Description of the task: What follows is a set of records; repeat them exactly, without the pictures.
# # # #
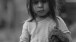 VALDIR CRUZ, Menina Girl Jordao, 1989, pigment on paper, 40 x 27 4 of 25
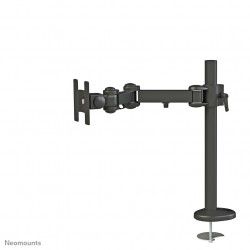 Neomounts FPMA-D960G Support d'écran à fixer 10-30"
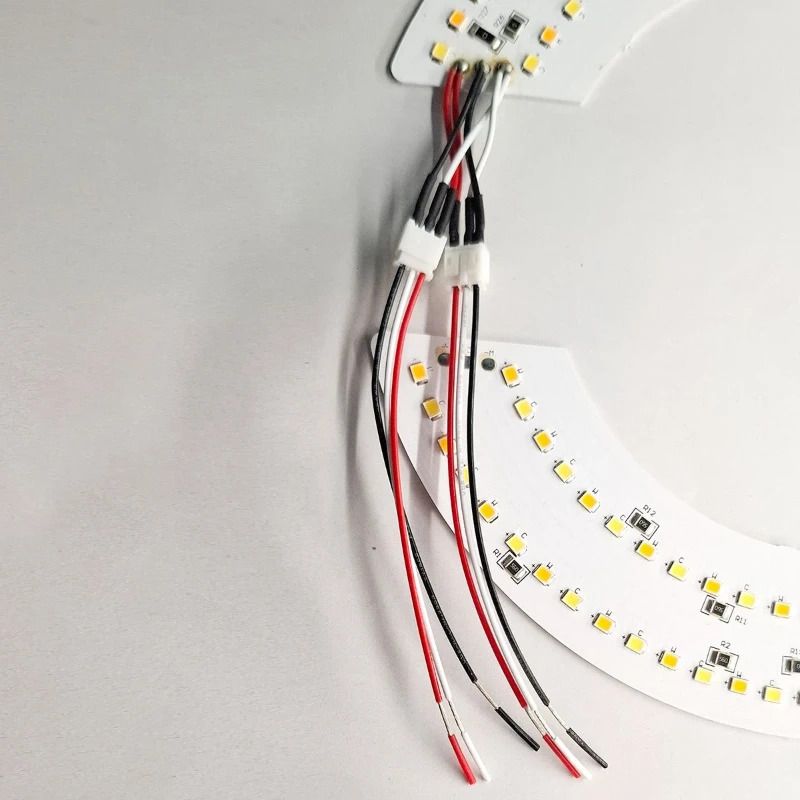 Steinhauer Lichtbron LED Lamp | 1260lm | Staal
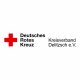 Pflegekraft Pflegekraft im ambulanten Pflegedienst (m/w/d), Schkeuditz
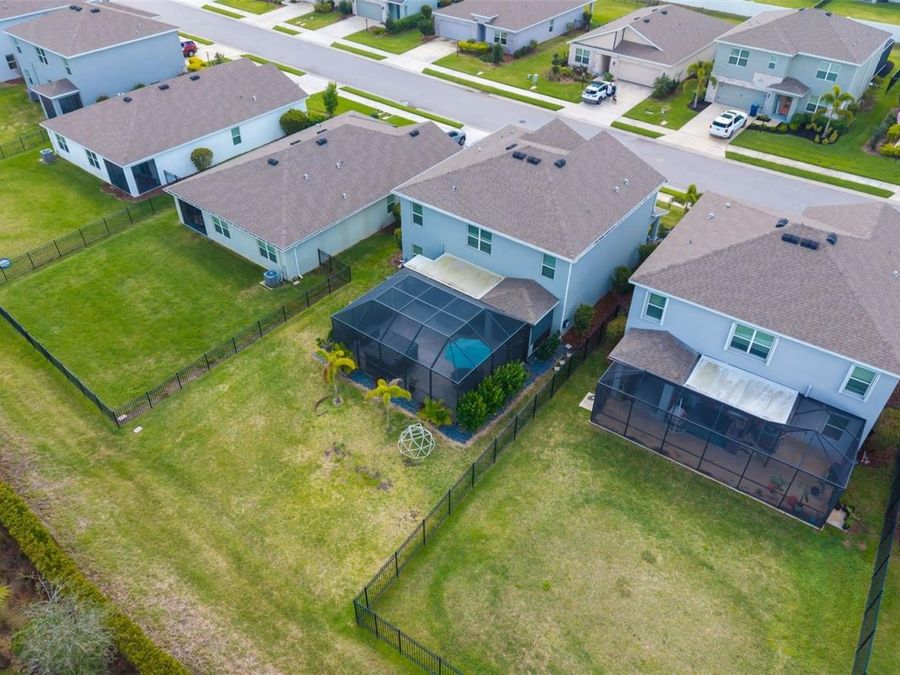 Property Image 42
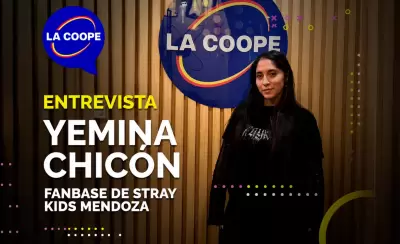 Yemina Chic�n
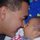 Fb_profile_picture.thumb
# # # #
Answer section:
 VALDIR CRUZ, Menina Girl Jordao, 1989, pigment on paper, 40 x 27 4 of 25
 Neomounts FPMA-D960G Support d'écran à fixer 10-30"
 Steinhauer Lichtbron LED Lamp | 1260lm | Staal
 Pflegekraft Pflegekraft im ambulanten Pflegedienst (m/w/d), Schkeuditz
 Property Image 42
 Yemina Chic�n
 Fb_profile_picture.thumb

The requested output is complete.